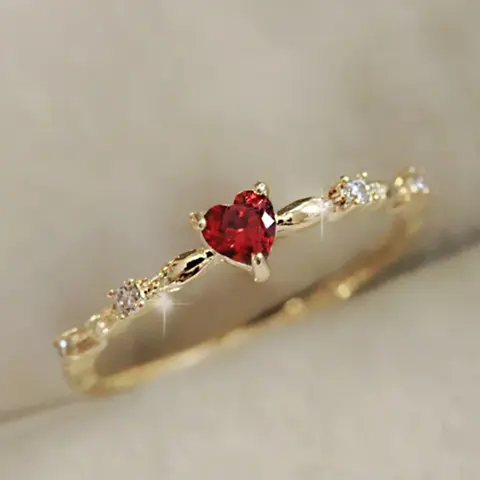 Women's Fashion Ring, Heart Shaped Ring, Heart Design Ring, Cute Heart Zirconia Inlay, Trendy Jewellery Accessories, Perfect for Valentine's Day, Vacation, Commuting, Parties, Weddings, Birthdays, Beautiful Rings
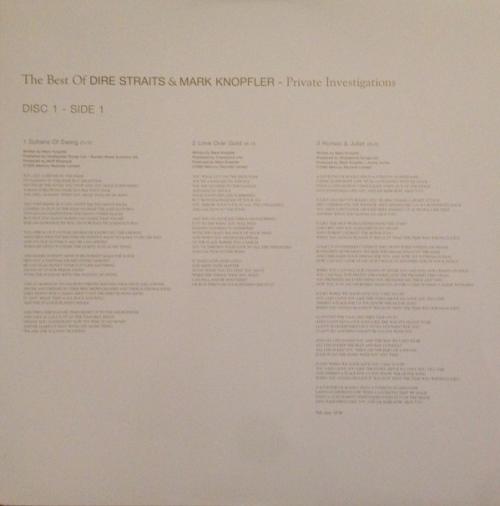 Виниловая пластинка Dire Straits; Knopfler, Mark, Private Investigations - The Best Of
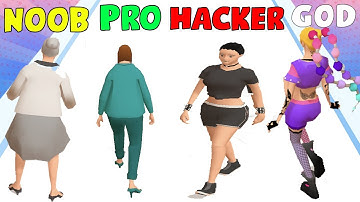 NOOB vs PRO vs HACKER vs GOD in Baddie Squad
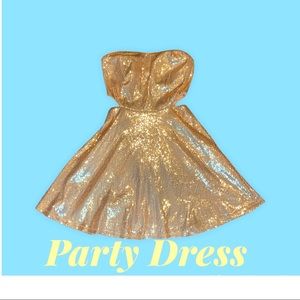 Forever 21 Strapless Sequin Party Dress
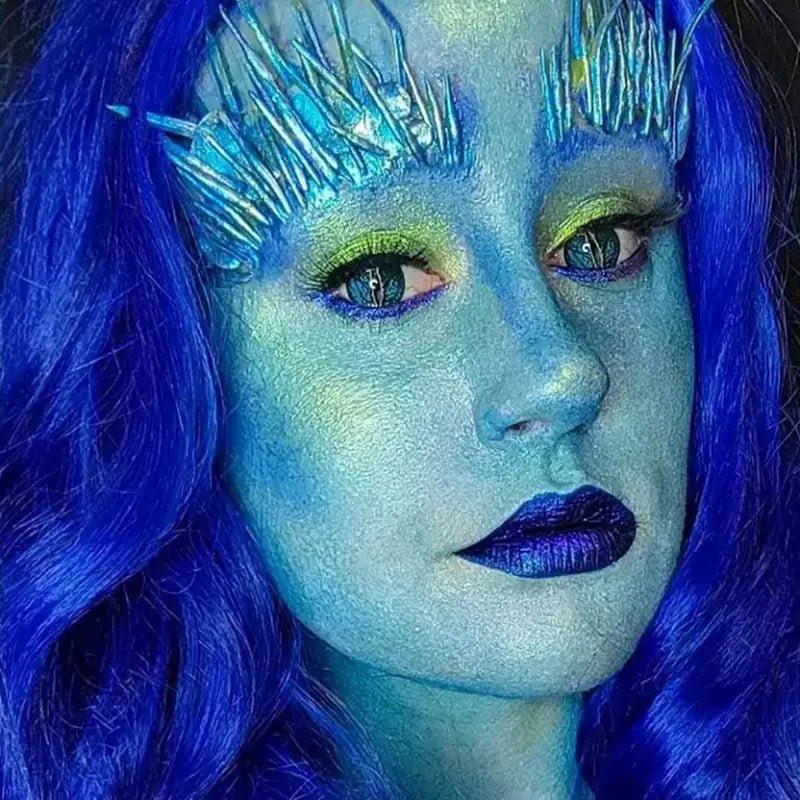 ComicPie Green Lizard Eye Crazy Cosplay&Halloween Colored Contact Lenses MY37 - ComicPie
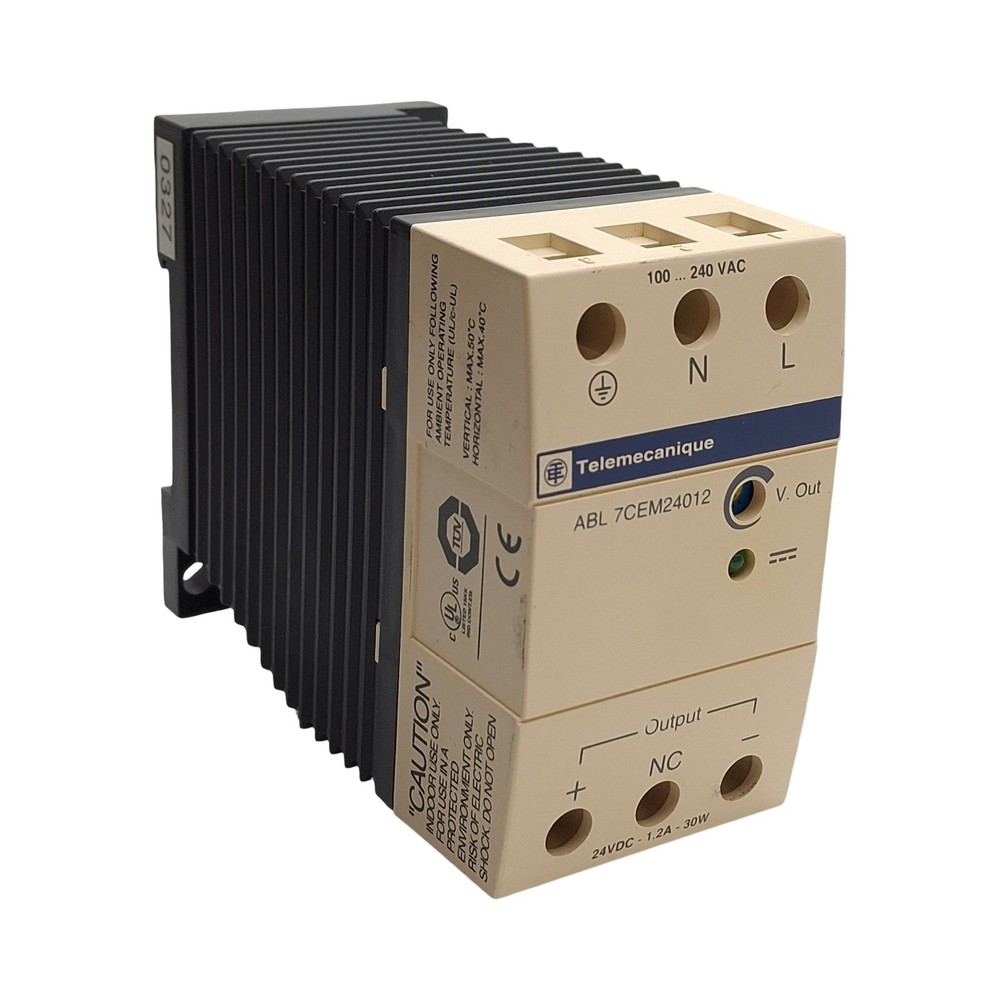 Schneider Electric ABL 7CEM24012 AC-DC Power Supply 100-240V AC In, 24V 1.2A Out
────────
▸ Action item
Reproduce the whole listing verbatim. Pictures stay out of the copy.

▸ Exercise answer
 Women's Fashion Ring, Heart Shaped Ring, Heart Design Ring, Cute Heart Zirconia Inlay, Trendy Jewellery Accessories, Perfect for Valentine's Day, Vacation, Commuting, Parties, Weddings, Birthdays, Beautiful Rings
 Виниловая пластинка Dire Straits; Knopfler, Mark, Private Investigations - The Best Of
 NOOB vs PRO vs HACKER vs GOD in Baddie Squad
 Forever 21 Strapless Sequin Party Dress
 ComicPie Green Lizard Eye Crazy Cosplay&Halloween Colored Contact Lenses MY37 - ComicPie
 Schneider Electric ABL 7CEM24012 AC-DC Power Supply 100-240V AC In, 24V 1.2A Out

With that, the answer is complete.